- _WORK TO COMPLETE_
Among the entries below, only the lines starting at the one with "Mercedes-Benz GLE-Class 2026 — Photo 11/20" and ending at the one with "2010 GMC YUKON", both included, are to be printed exactly.

- _INFORMATION SHOWN_
---------------

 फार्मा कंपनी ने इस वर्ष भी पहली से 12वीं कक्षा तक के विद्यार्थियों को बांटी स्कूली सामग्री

---------------

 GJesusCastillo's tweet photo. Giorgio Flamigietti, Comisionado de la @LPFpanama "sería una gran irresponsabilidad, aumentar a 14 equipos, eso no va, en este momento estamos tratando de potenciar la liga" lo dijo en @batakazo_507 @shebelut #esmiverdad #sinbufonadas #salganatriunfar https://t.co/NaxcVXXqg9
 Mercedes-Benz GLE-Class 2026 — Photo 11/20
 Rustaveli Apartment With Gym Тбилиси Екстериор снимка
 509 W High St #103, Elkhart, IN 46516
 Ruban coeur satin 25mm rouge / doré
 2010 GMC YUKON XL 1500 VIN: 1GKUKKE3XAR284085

---------------

- _EXERCISE RESULT_
 Mercedes-Benz GLE-Class 2026 — Photo 11/20
 Rustaveli Apartment With Gym Тбилиси Екстериор снимка
 509 W High St #103, Elkhart, IN 46516
 Ruban coeur satin 25mm rouge / doré
 2010 GMC YUKON XL 1500 VIN: 1GKUKKE3XAR284085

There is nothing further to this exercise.